▶ PROBLEM TO SOLVE: Every record here needs to be retyped exactly.

+ + + + +

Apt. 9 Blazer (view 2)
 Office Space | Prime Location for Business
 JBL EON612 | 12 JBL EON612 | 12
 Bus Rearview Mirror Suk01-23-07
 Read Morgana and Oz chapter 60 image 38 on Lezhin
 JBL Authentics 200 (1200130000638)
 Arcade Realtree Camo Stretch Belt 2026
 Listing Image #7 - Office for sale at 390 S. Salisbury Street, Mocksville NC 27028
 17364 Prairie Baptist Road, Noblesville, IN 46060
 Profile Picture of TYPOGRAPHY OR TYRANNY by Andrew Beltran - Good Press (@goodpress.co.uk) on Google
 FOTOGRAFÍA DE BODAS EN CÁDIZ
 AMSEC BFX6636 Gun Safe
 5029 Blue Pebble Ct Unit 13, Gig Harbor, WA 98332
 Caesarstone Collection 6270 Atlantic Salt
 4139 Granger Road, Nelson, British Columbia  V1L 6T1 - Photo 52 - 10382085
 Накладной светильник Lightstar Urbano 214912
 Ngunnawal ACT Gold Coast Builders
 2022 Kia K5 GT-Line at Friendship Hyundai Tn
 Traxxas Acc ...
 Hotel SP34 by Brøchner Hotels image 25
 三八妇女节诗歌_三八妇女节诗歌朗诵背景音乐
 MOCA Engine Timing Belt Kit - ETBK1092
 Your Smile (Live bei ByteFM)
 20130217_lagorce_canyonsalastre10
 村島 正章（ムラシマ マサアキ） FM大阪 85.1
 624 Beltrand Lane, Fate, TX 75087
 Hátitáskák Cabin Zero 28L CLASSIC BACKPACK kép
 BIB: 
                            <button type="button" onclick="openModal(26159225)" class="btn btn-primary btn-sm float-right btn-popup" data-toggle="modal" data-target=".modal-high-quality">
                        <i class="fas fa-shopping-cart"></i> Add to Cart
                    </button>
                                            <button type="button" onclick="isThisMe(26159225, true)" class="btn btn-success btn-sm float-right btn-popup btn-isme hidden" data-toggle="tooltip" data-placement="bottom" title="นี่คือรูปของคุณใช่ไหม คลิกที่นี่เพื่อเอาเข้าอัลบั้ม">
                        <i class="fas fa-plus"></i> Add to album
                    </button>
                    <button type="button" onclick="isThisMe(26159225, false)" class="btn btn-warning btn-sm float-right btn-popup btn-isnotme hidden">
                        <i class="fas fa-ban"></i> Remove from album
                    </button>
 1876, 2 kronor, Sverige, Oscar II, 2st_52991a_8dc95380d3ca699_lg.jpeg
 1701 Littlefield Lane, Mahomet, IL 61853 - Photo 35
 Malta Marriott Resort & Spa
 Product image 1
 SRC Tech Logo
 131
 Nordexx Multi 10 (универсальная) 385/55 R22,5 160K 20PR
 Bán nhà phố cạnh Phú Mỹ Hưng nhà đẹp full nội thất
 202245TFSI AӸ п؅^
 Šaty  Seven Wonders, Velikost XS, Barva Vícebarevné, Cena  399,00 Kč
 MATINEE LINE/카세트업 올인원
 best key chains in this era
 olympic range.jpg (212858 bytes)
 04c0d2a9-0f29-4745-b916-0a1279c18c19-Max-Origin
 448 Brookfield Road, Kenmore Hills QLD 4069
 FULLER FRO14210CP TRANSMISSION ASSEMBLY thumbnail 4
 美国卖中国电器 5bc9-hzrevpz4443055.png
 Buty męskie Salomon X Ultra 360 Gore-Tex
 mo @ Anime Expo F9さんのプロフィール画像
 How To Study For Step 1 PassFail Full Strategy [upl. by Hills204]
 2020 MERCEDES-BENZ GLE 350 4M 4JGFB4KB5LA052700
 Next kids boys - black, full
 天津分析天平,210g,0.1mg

+ + + + +

▶ RESPONSE AREA:
Apt. 9 Blazer (view 2)
 Office Space | Prime Location for Business
 JBL EON612 | 12 JBL EON612 | 12
 Bus Rearview Mirror Suk01-23-07
 Read Morgana and Oz chapter 60 image 38 on Lezhin
 JBL Authentics 200 (1200130000638)
 Arcade Realtree Camo Stretch Belt 2026
 Listing Image #7 - Office for sale at 390 S. Salisbury Street, Mocksville NC 27028
 17364 Prairie Baptist Road, Noblesville, IN 46060
 Profile Picture of TYPOGRAPHY OR TYRANNY by Andrew Beltran - Good Press (@goodpress.co.uk) on Google
 FOTOGRAFÍA DE BODAS EN CÁDIZ
 AMSEC BFX6636 Gun Safe
 5029 Blue Pebble Ct Unit 13, Gig Harbor, WA 98332
 Caesarstone Collection 6270 Atlantic Salt
 4139 Granger Road, Nelson, British Columbia  V1L 6T1 - Photo 52 - 10382085
 Накладной светильник Lightstar Urbano 214912
 Ngunnawal ACT Gold Coast Builders
 2022 Kia K5 GT-Line at Friendship Hyundai Tn
 Traxxas Acc ...
 Hotel SP34 by Brøchner Hotels image 25
 三八妇女节诗歌_三八妇女节诗歌朗诵背景音乐
 MOCA Engine Timing Belt Kit - ETBK1092
 Your Smile (Live bei ByteFM)
 20130217_lagorce_canyonsalastre10
 村島 正章（ムラシマ マサアキ） FM大阪 85.1
 624 Beltrand Lane, Fate, TX 75087
 Hátitáskák Cabin Zero 28L CLASSIC BACKPACK kép
 BIB: 
                            <button type="button" onclick="openModal(26159225)" class="btn btn-primary btn-sm float-right btn-popup" data-toggle="modal" data-target=".modal-high-quality">
                        <i class="fas fa-shopping-cart"></i> Add to Cart
                    </button>
                                            <button type="button" onclick="isThisMe(26159225, true)" class="btn btn-success btn-sm float-right btn-popup btn-isme hidden" data-toggle="tooltip" data-placement="bottom" title="นี่คือรูปของคุณใช่ไหม คลิกที่นี่เพื่อเอาเข้าอัลบั้ม">
                        <i class="fas fa-plus"></i> Add to album
                    </button>
                    <button type="button" onclick="isThisMe(26159225, false)" class="btn btn-warning btn-sm float-right btn-popup btn-isnotme hidden">
                        <i class="fas fa-ban"></i> Remove from album
                    </button>
 1876, 2 kronor, Sverige, Oscar II, 2st_52991a_8dc95380d3ca699_lg.jpeg
 1701 Littlefield Lane, Mahomet, IL 61853 - Photo 35
 Malta Marriott Resort & Spa
 Product image 1
 SRC Tech Logo
 131
 Nordexx Multi 10 (универсальная) 385/55 R22,5 160K 20PR
 Bán nhà phố cạnh Phú Mỹ Hưng nhà đẹp full nội thất
 202245TFSI AӸ п؅^
 Šaty  Seven Wonders, Velikost XS, Barva Vícebarevné, Cena  399,00 Kč
 MATINEE LINE/카세트업 올인원
 best key chains in this era
 olympic range.jpg (212858 bytes)
 04c0d2a9-0f29-4745-b916-0a1279c18c19-Max-Origin
 448 Brookfield Road, Kenmore Hills QLD 4069
 FULLER FRO14210CP TRANSMISSION ASSEMBLY thumbnail 4
 美国卖中国电器 5bc9-hzrevpz4443055.png
 Buty męskie Salomon X Ultra 360 Gore-Tex
 mo @ Anime Expo F9さんのプロフィール画像
 How To Study For Step 1 PassFail Full Strategy [upl. by Hills204]
 2020 MERCEDES-BENZ GLE 350 4M 4JGFB4KB5LA052700
 Next kids boys - black, full
 天津分析天平,210g,0.1mg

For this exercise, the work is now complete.